Tomorrow morning the mortal remains of James M. Stewart will be laid to rest under the "little green tent" in Greenwood cemetery. As an immortal the soul of the beloved husband, father, counsellor and friend is with the blessed. "Taps" have been sounded for the soldier and he is resting, waiting for the "first call."

The last rites will be conducted in the Second United Presbyterian Church, Seventh street, tomorrow morning at ten-thirty o'clock, by his pastor, the Rev. Samuel W. Shane, the body lying in state from nine o'clock until the hour of service, when the casket will be closed not again to be opened.

Active pall-bearers for the funeral will be Edward Thompson, Audley L. Mabon, William Wetzel, John McLaughlin, Roy McQuilken and William Miller, all relatives of the deceased. The honorary pall-bearers will be Burgess B.H. Lichteberger, James S. Blair, Harry White, Judge J.N. Longham, Robert E. Young and John M. Daughtery.

There is mingled sadness and gladness in the passing of a worthy gentleman, such as Mr. Stewart was- sadness in the worldly separation of a kindred spirit; gladness in the hope of the heavenly reunion when friends will come together once more.

Charity cloaked in anonymity was one of the sterling characteristics of Mr. Stewart.
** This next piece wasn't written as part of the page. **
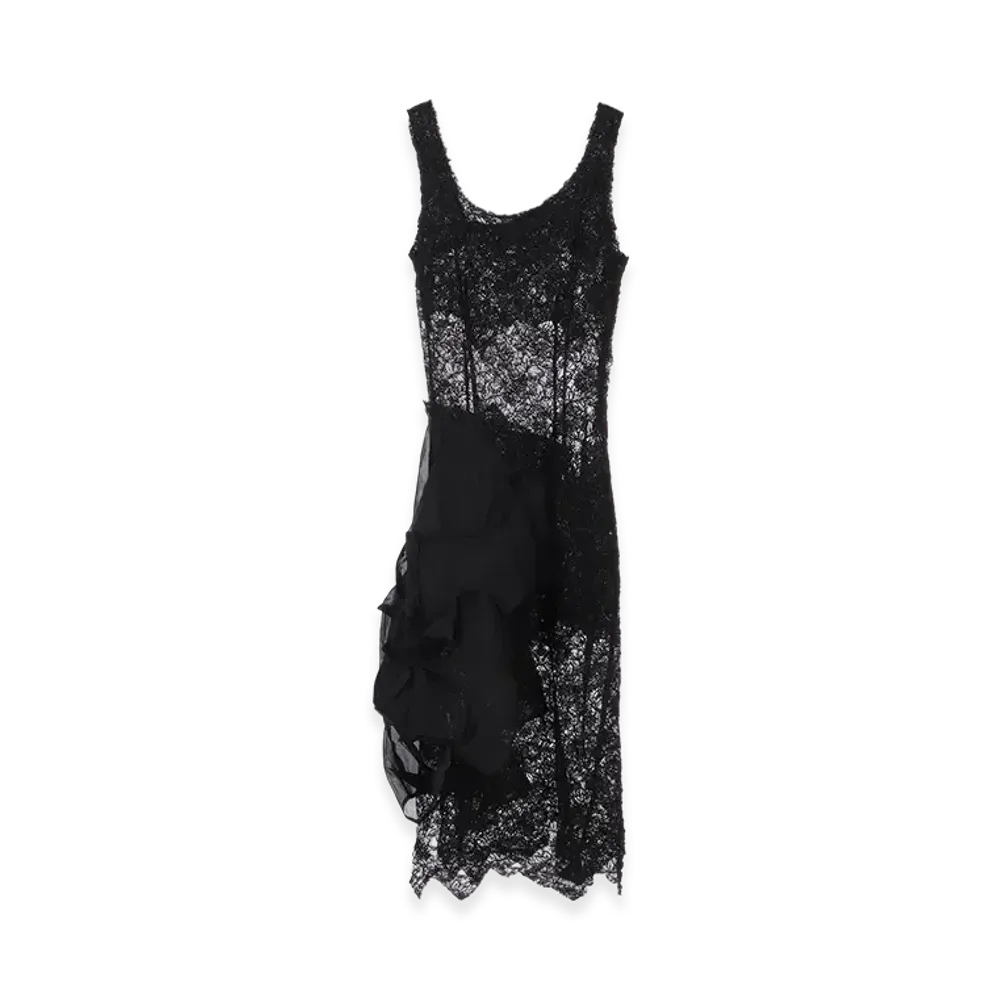 Yohji Yamamoto Lace Panel 3D Dress "Black"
Many have risen up and called him blessed, when his hand and his means were seen in the alleviating of a distress that seemed over-powering. Not alone in his home land was this characteristic seen, calls for aid from overseas never went unheeded and letters of appreciation from distant lands have been received.
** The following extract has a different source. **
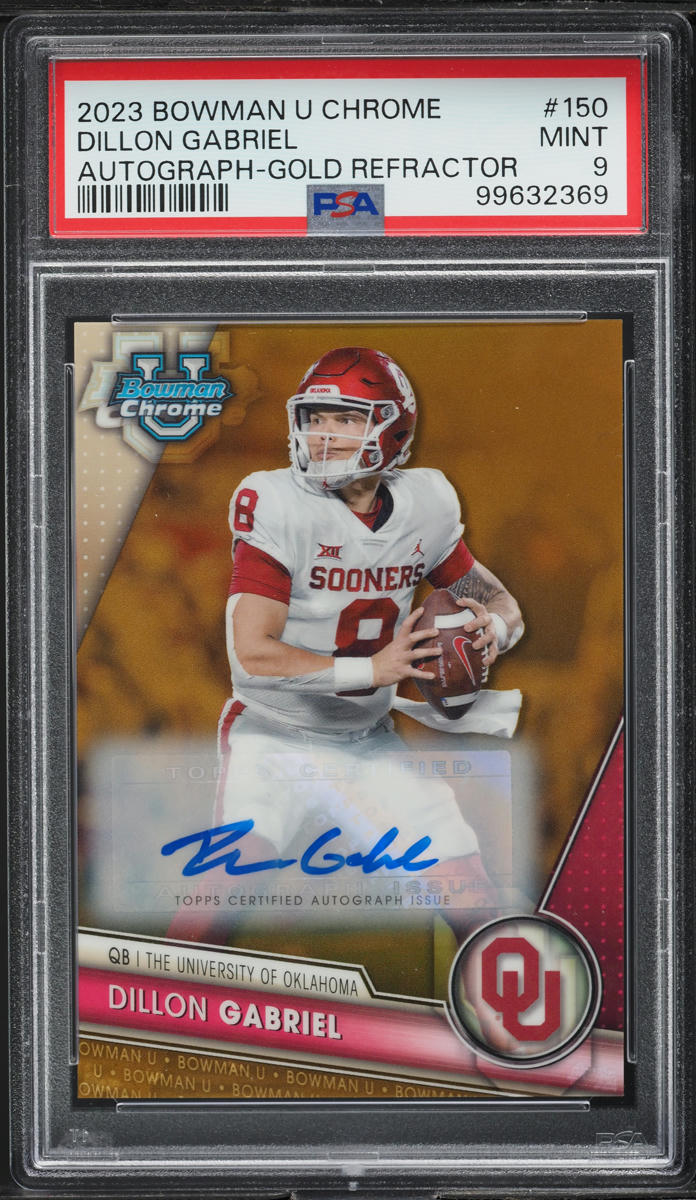 2023 Bowman Chrome U Gold Refractor Dillon Gabriel ROOKIE AUTO 1/50 #150 PSA 9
Friendliness was another of his virtues. A happy smile, a cheery greeting, a wave of his hand came to all those who spoke to and with him, it was a recognition of man to man despite the difference in the age and the generation.

Religion played a great part in forming his life. Close attention to the scriptures and attendance upon divine worship were essential parts of his life and of his influence and material gifts, the church of his choice and other denominations were lightened of burdens more or less great.
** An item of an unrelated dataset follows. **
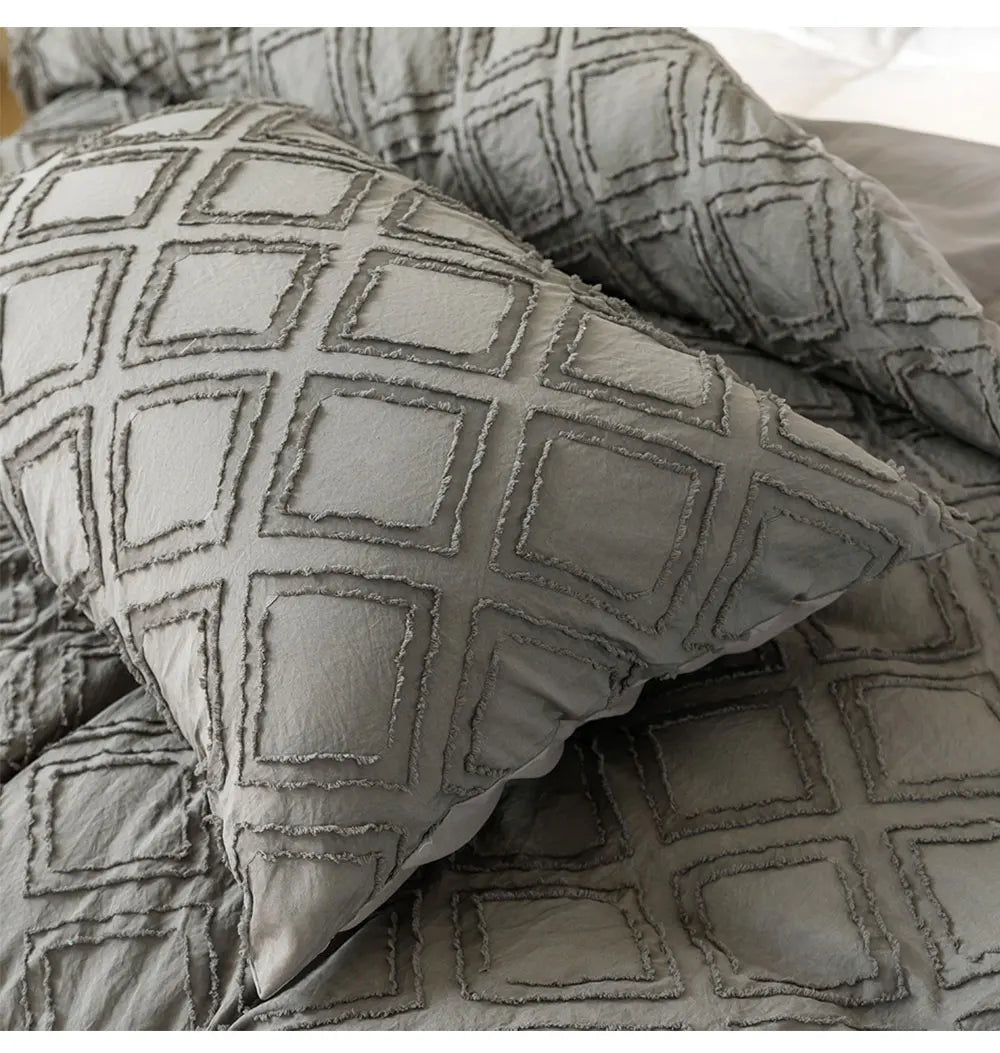 Charcoal grey textured geometric bedding set with matching pillowcases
A keen memory, a love for the poetic, the pleasure of quoting from the masters of all degrees, was often uppermost in his walk through life. A full mind, well-rounded out with the lovable common-places as well as the aesthetic, brought life in full measure to this gentleman of the old school.

Business ethics and business standards of high degree made for Mr. Stewart many friends in the marts of trade and during his years of active life in his chief business enterprise, his advice and counsel were always at the call of those in need of such instruction.

The tenth child of John Kerr Stewart and Elizabeth Armstrong Stewart, James M. Stewart was born March 24, 1839 in the stone house in West Mahoning township, later the home of John McCormick. He was educated in the common schools, at Dayton Academy and Westminster College and taught school for several years.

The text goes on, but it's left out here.